WHAT YOU ARE ASKED TO DO:
From the line containing "Erkul 961 Kuvars Kulp, Antik Sarı" to the line containing "Right rear brake" in the records below, set down every line exactly as it stands, both ends included, and skip the pictures.
----- INFORMATION PROVIDED -----
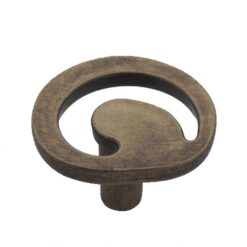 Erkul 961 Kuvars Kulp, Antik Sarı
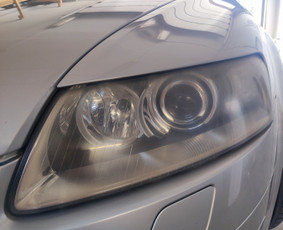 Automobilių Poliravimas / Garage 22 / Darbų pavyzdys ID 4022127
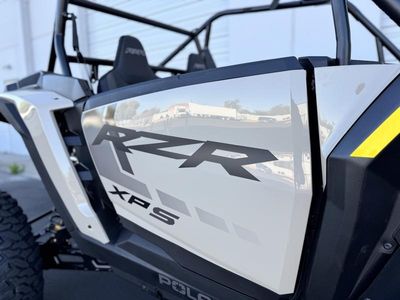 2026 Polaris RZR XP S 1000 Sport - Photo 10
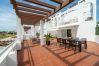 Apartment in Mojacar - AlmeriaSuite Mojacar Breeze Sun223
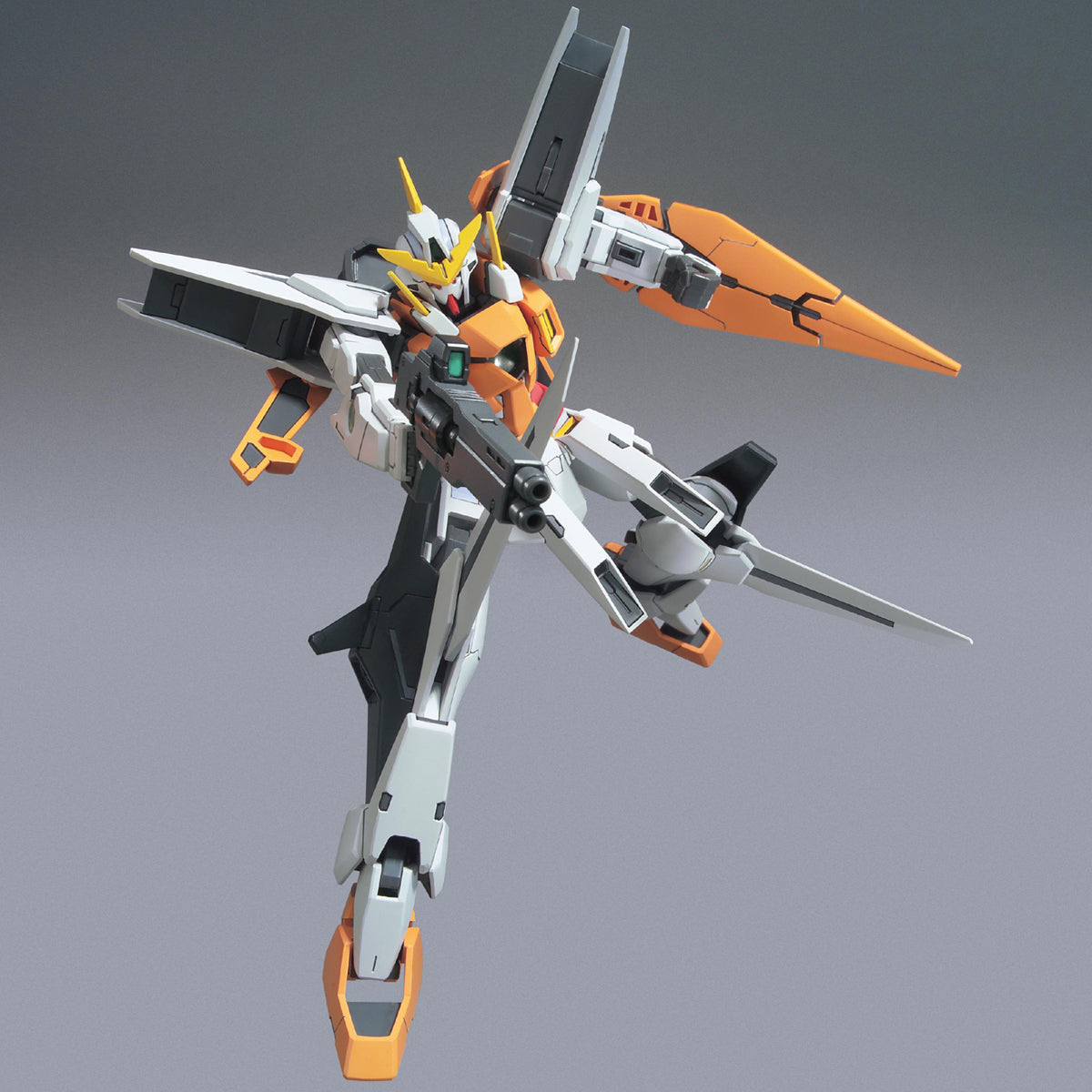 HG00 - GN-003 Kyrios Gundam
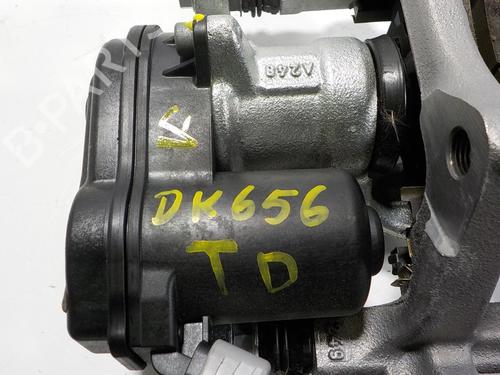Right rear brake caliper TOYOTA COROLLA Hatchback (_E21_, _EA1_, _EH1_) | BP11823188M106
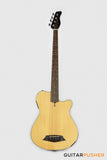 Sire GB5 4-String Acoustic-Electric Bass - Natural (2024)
-----
----- INFORMATION PROVIDED -----
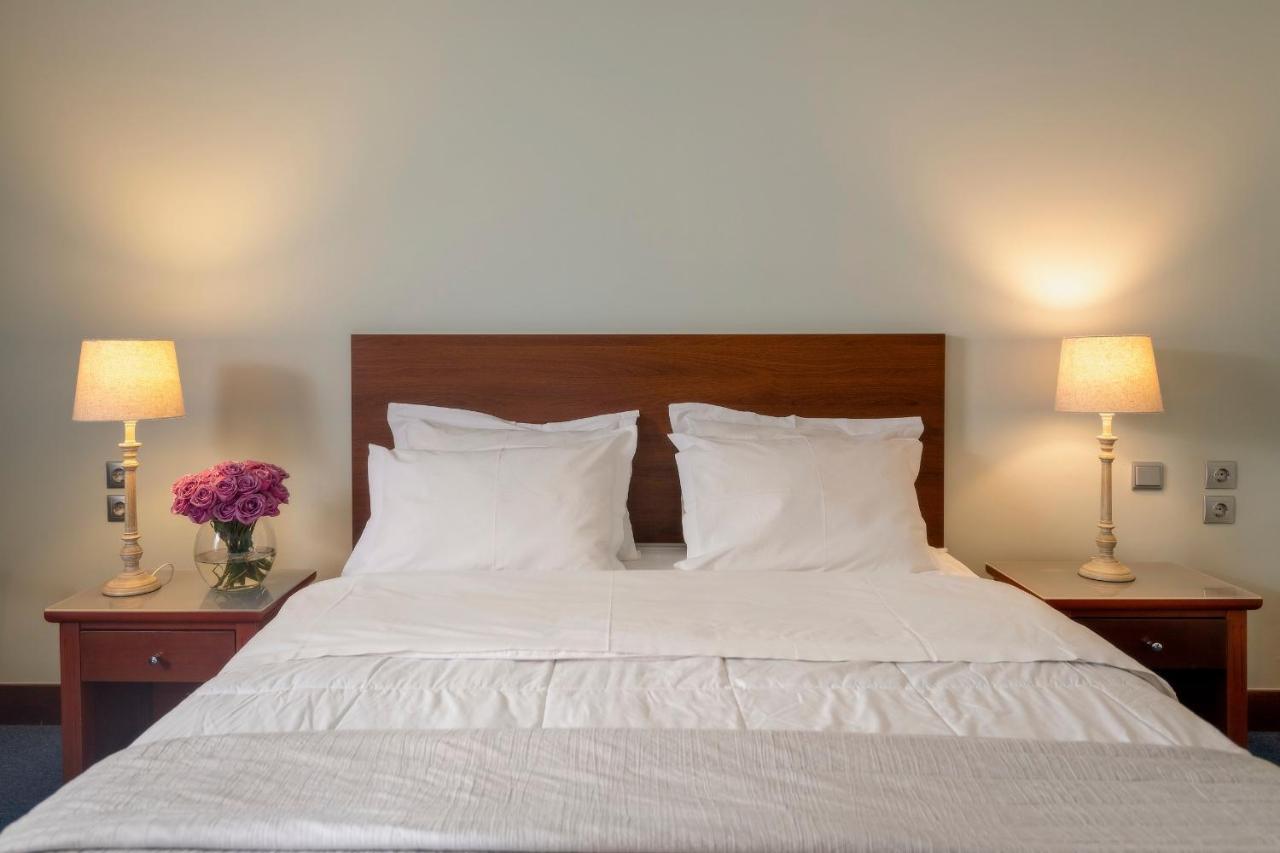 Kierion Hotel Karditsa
-----
EXERCISE RESPONSE:
 Erkul 961 Kuvars Kulp, Antik Sarı
 Automobilių Poliravimas / Garage 22 / Darbų pavyzdys ID 4022127
 2026 Polaris RZR XP S 1000 Sport - Photo 10
 Apartment in Mojacar - AlmeriaSuite Mojacar Breeze Sun223
 HG00 - GN-003 Kyrios Gundam
Right rear brake caliper TOYOTA COROLLA Hatchback (_E21_, _EA1_, _EH1_) | BP11823188M106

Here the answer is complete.